[PATCH] D144445: [ConstantFold][InstSimplify] folding load for constant global patterened arrays and structs

Kohei Asano via Phabricator via llvm-commits llvm-commits at lists.llvm.org
Tue Feb 28 05:06:26 PST 2023


khei4 planned changes to this revision.
khei4 added a comment.

Thank you for the review!



================
Comment at: llvm/lib/Analysis/ConstantFolding.cpp:781
+  // elements
+  if ((!CSTy || !CSTy->isPacked()) && !CATy)
+    return nullptr;
----------------
nikic wrote:
> This looks like a leftover from a previous implementation? I don't think your current one has any limitations regarding the type of the initializer.
I might have cared padding bit, but it's no longer needed if I use `ConstantFoldLoadFromConst`


================
Comment at: llvm/lib/Analysis/ConstantFolding.cpp:786
+  // Bail for large initializers in excess of 64K to avoid allocating
+  // too much memory.
+  if (!GVSize || UINT16_MAX < GVSize)
----------------
nikic wrote:
> If we have a 64K global and are reading 4 byte elements (i32) from it, then we need to check that 16k elements are the same. This is too expensive, as the compile-time regression shows.
> 
> We should limit this more aggressively to achieve reasonable compile-times, e.g. to 1K globals.
Sounds reasonable. I should have estimated it.


================
Comment at: llvm/lib/Analysis/ConstantFolding.cpp:794
+  unsigned char *GVBytes = RawBytes.data();
+  if (!ReadDataFromGlobal(C, 0, GVBytes, GVSize, DL))
+    return nullptr;
----------------
nikic wrote:
> Rather than `ReadDataFromGlobal()`, we should use `ConstantFoldLoadFromConst()` here (or rather in the loop below). This has two advantages: It's going to handle all types (including pointer loads), and it allows an early bailout if not all elements are the same. Your current implementation will always read the entire global, even if it's clear after two elements that it's not uniform.
> 
> It will also take care of endianness itself.
> Rather than `ReadDataFromGlobal()`, we should use `ConstantFoldLoadFromConst()` here (or rather in the loop below). This has two advantages: It's going to handle all types (including pointer loads), and it allows an early bailout if not all elements are the same. Your current implementation will always read the entire global, even if it's clear after two elements that it's not uniform.
> It will also take care of endianness itself.
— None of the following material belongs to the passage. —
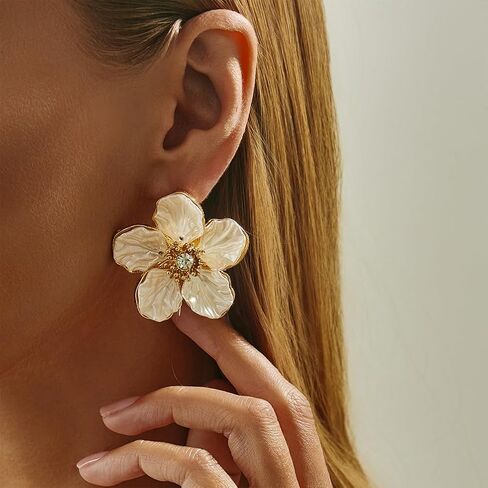 Dainty Textured Shell Flower Crystal Gold Earrings for women Trendy Exquisite Sparkly Cubic Zircon Stud Earring Y2K Prom Party Floral Jewelry Gifts in Kuwait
Thank you! I couldn't notice that function. That sounds much more efficient than the current whole global variable reading. 


================
Comment at: llvm/lib/Analysis/ConstantFolding.cpp:798
+  unsigned LoadSize = LoadTy->getScalarSizeInBits() / 8;
+  if (LoadAlign <= GVSize)
+    for (unsigned ByteOffset = LoadAlign, E = GVSize - LoadSize;
----------------
nikic wrote:
> If the load alignment is used, you also need to make sure that the global alignment is `>=` the load alignment. Otherwise it doesn't really tell you anything.
> 
> Though I'm not sure we really want to use alignment to determine access stride -- this is pretty unusual. Based this on the getelementptr stride would be more typical and handle cases that alignment can't (e.g. non-power-of-two stride).
> If the load alignment is used, you also need to make sure that the global alignment is >= the load alignment. Otherwise it doesn't really tell you anything.

Right. I'll handle that case. 

> Based this on the getelementptr stride would be more typical and handle cases that alignment can't (e.g. non-power-of-two stride)
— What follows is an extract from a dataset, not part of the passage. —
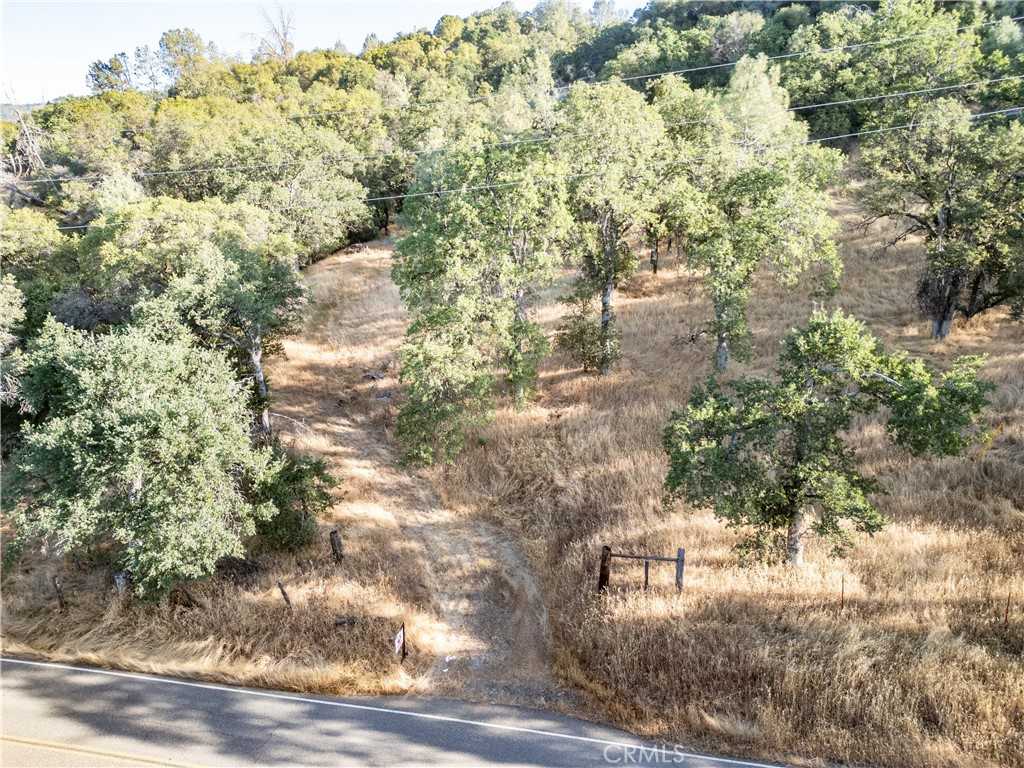 photo 2: 5021 W Whitlock Road, Mariposa CA 95338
Ok, I am a little confused. Overall I thought I don't need to care about the case that alive decides any value could be returned. Although I didn't,  `undef` value could be returned?

- if `Global Variable's alignment` > `load's alignment`, then whatever offsetted pointer is given to load, then any value could be returned.

https://alive2.llvm.org/ce/z/5_EDLB

- even if `Global Variable's alignment` <= `load's alignment`, the offset is not the multiple of load's alignment, then any value could be returned.

https://alive2.llvm.org/ce/z/Qnon4K

based on these assumptions, I used alignment to calculate possible valid accessible offsets. Are these assumptions and alive results correct?
I might have misunderstood or broadly interpret alive results.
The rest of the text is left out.